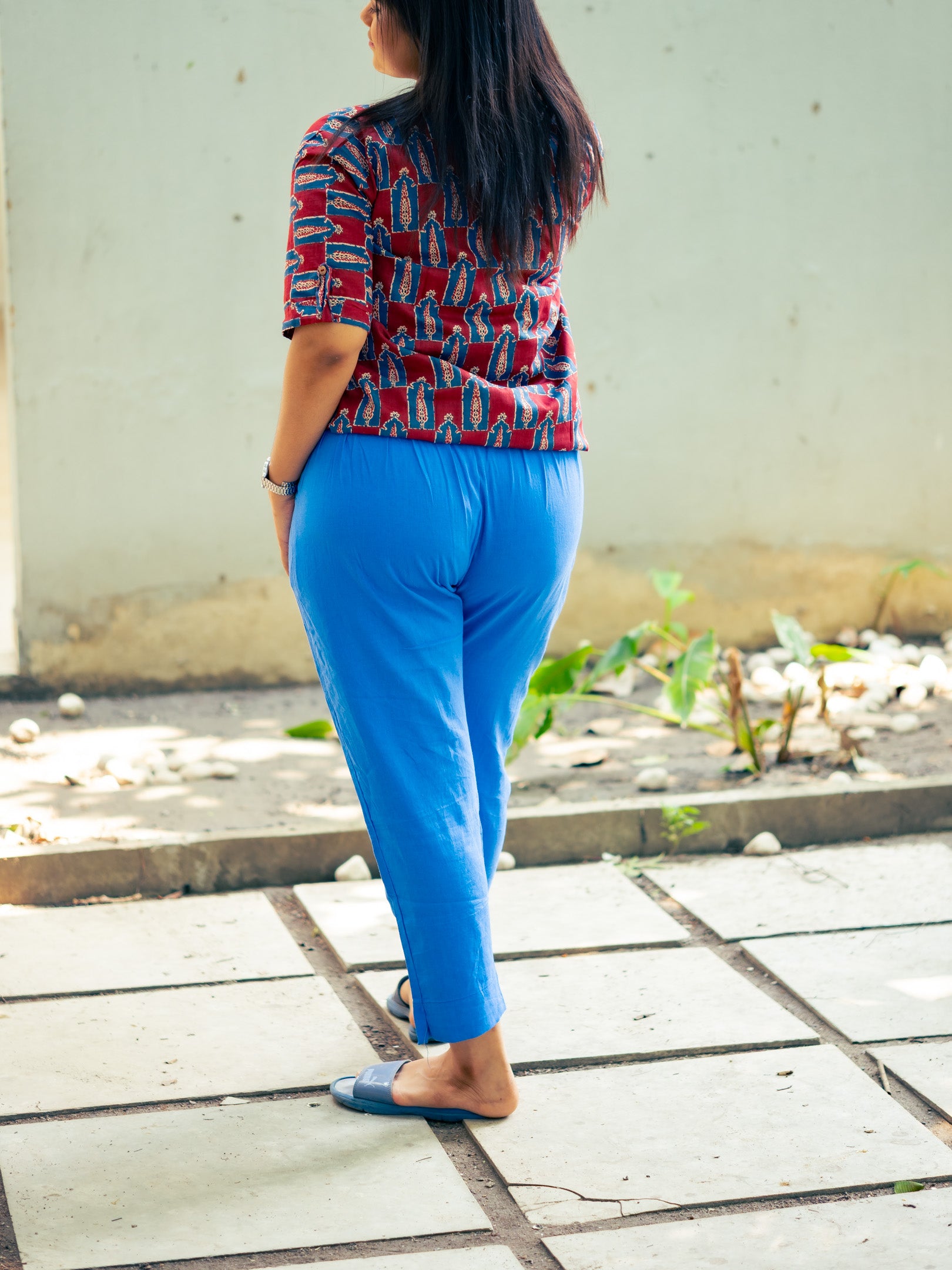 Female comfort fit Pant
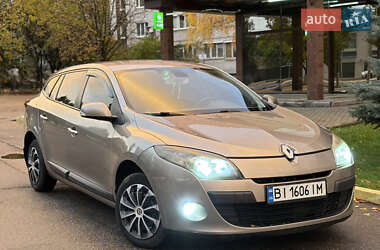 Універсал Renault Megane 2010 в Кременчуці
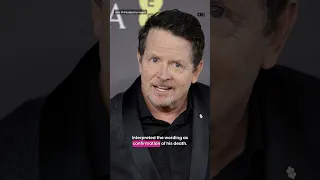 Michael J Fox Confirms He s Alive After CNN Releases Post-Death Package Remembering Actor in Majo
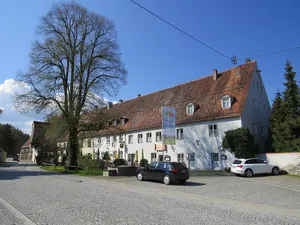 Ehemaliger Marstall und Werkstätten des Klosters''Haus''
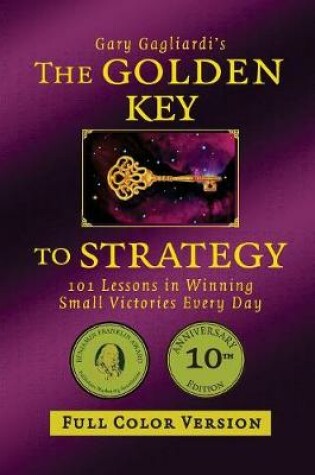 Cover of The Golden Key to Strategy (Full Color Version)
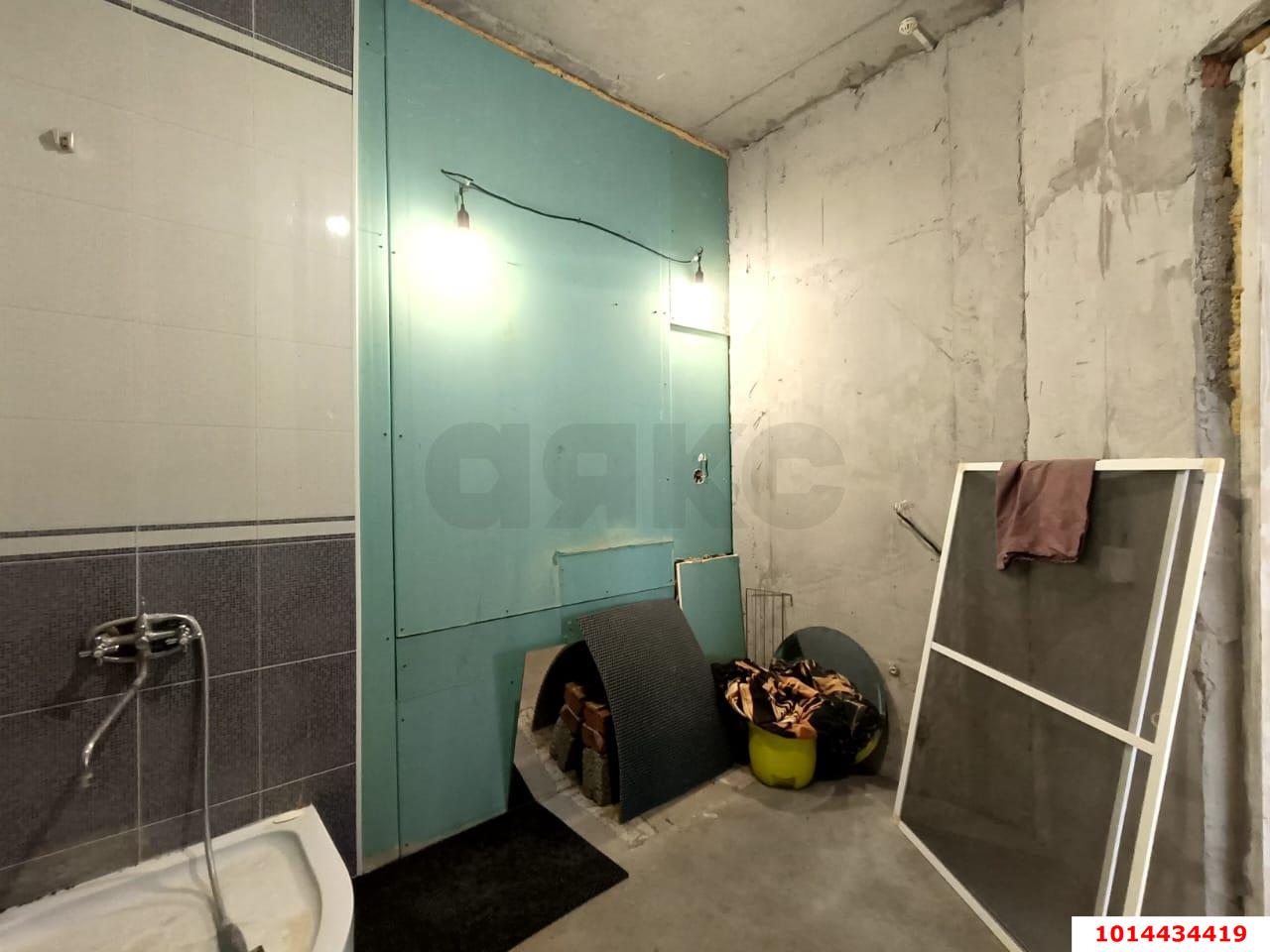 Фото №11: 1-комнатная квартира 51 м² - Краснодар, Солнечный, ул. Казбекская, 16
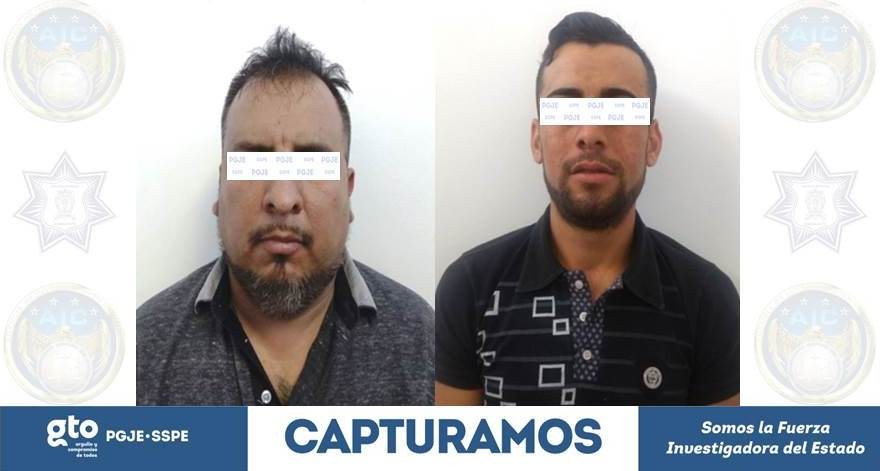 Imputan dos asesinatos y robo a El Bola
################
_YOUR GOAL_. Only the lines from the beginning of the listing through the line with "Фото №11: 1-комнатная", both ends included, are to be repeated exactly; pictures stay out.

_PROBLEM SOLUTION_.
 Female comfort fit Pant
 Універсал Renault Megane 2010 в Кременчуці
 Michael J Fox Confirms He s Alive After CNN Releases Post-Death Package Remembering Actor in Majo
 Ehemaliger Marstall und Werkstätten des Klosters''Haus''
 Cover of The Golden Key to Strategy (Full Color Version)
 Фото №11: 1-комнатная квартира 51 м² - Краснодар, Солнечный, ул. Казбекская, 16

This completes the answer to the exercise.